Updated

The administration's signature foreign aid program and Iraq reconstruction would get less money than President Bush sought in a bill a House subcommittee approved Friday.

On a unanimous voice vote, the House Appropriations Committee's foreign operations panel approved a $21.3 billion measure that would pay for foreign assistance programs for the budget year that begins Oct. 1. Overall, the measure is $2.4 billion less than the $23.7 billion the administration wanted.

Rep. Jim Kolbe, R-Ariz., and the subcommittee chairman, blamed the reduction on pressures in other areas of the budget, such as the wars in Iraq and Afghanistan.

The bill would provide the $3.4 billion Bush wanted to combat HIV/AIDS, tuberculosis and malaria throughout the world. And it has the $450 million he sought for assistance in Sudan, including $138 million for the war-ravaged Darfur region.

It also would make available $2.3 billion for the military in Israel and $120 million for economic assistance to that country, the amounts the president wanted.

The measure slices funding in two key areas.

Bush would get $1 billion less for the Millennium Challenge Corporation, the administration's hallmark program designed to reward developing nations for good governance and a commitment to democracy. The president wanted $3 billion, but the House — as it has in previous years — cut his request, this time to $2 billion.

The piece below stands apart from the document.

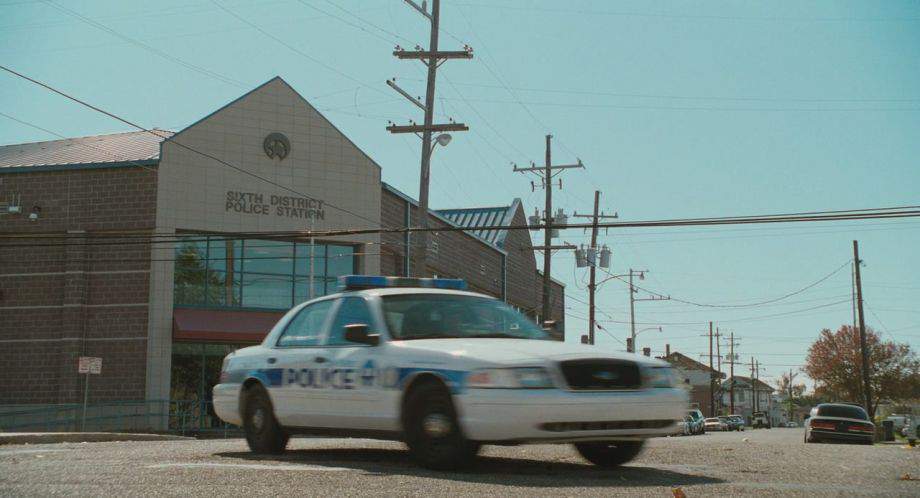 Ford Crown Victoria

Kolbe, a longtime supporter of the program, said the lower amount was necessary because of budget constraints. "Something's got to give somewhere," he said. The $2 billion is $248 million more than the program got in the current budget.

On Iraq, the president would get $522 million in the House bill to promote stabilization and reconstruction of Iraq, roughly $227 million below the $749 million he wanted. However, $1.6 billion for the effort is included in a separate war-spending bill making its way through Congress.

"We're being very generous in our funding of Iraqi reconstruction needs," Kolbe said.

The House bill also would not provide $150 million the president initially sought in economic aid for the West Bank and Gaza.

Kolbe said the administration agreed with that reduction, given that the new Hamas-led government was elected after the president asked for the money in February. The Bush administration considers Hamas a terrorist organization, and has cut off much aid to the Palestinians.

However, the administration has pledged to help meet the humanitarian needs of the Palestinian people through charities and other means. To that end, the House bill would provide $80 million for humanitarian assistance and democracy programs as long as the money is not used to support Hamas.